Directors like Scott have seen that the Bible has attracted audiences and made money on TV and so they’ve transferred it to the big screen. Headlines about a “resurgence” are inflated because the Bible’s never really been away.

Miracles Happen Only On Sky Sport. Sky TV

That’s certainly true. Darren Aronofsky’s Noah and Scott’s new bevy of biblical tales aren’t heralding a sudden interest in all things Old and New Testament – the interest has been there all along. The Bible is inherent in popular culture, whether it’s Beyonce singing biblical verse on a Jay-Z track (Pray; American Gangster); Sky Sports depicting Jesus miracles in an ad campaign or Stieg Larsson creating a Leviticus spouting serial killer in The Girl with a Dragon Tattoo.

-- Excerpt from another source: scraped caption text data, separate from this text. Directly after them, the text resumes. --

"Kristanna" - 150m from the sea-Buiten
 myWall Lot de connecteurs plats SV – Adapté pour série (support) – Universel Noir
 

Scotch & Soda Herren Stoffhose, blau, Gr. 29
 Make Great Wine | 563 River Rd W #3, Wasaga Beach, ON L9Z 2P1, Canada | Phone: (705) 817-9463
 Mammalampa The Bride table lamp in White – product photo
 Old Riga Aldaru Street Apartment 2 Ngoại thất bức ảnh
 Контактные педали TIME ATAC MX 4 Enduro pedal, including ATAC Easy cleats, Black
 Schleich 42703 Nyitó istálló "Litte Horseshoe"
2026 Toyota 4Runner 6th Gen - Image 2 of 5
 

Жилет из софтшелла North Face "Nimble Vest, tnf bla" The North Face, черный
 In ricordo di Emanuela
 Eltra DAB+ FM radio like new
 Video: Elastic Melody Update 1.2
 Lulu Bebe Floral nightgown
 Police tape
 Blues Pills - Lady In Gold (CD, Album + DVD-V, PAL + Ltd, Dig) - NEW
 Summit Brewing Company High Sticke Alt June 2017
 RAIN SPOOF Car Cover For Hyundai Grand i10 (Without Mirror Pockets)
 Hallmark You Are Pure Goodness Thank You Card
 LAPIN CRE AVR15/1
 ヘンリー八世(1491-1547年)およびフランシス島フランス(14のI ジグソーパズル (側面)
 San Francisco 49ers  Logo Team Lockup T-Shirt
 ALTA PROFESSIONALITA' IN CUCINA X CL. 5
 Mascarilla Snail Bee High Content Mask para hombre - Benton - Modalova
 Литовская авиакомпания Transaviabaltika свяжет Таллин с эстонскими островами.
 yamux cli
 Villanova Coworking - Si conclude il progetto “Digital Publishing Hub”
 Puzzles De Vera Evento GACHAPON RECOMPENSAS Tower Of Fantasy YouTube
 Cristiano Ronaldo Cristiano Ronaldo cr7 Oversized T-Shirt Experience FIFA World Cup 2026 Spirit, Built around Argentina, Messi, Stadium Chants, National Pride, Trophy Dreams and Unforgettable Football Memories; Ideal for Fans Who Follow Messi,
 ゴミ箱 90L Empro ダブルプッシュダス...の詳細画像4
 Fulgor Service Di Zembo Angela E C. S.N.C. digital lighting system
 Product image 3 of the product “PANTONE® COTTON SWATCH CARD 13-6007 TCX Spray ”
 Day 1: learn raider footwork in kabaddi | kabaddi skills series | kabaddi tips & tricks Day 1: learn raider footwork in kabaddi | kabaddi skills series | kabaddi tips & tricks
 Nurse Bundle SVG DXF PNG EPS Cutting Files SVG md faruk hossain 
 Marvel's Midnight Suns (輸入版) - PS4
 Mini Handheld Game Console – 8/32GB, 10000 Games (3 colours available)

Wherever you look you can find the Bible lurking. What is new in the latest offerings from Hollywood is how it’s packaging the Bible – but then the Bible is constantly repackaged and retold for new audiences. The influence of the Bible on our cultural landscape never diminishes.

Still, judging by the trailer, Exodus seems to be more TOWIE does Gladiator than classic Hollywood fare – but then what’s a biblical epic without a bit of camp? My heart still lies with Victor Mature – now there’s a man who knows how carry off fake tan with style.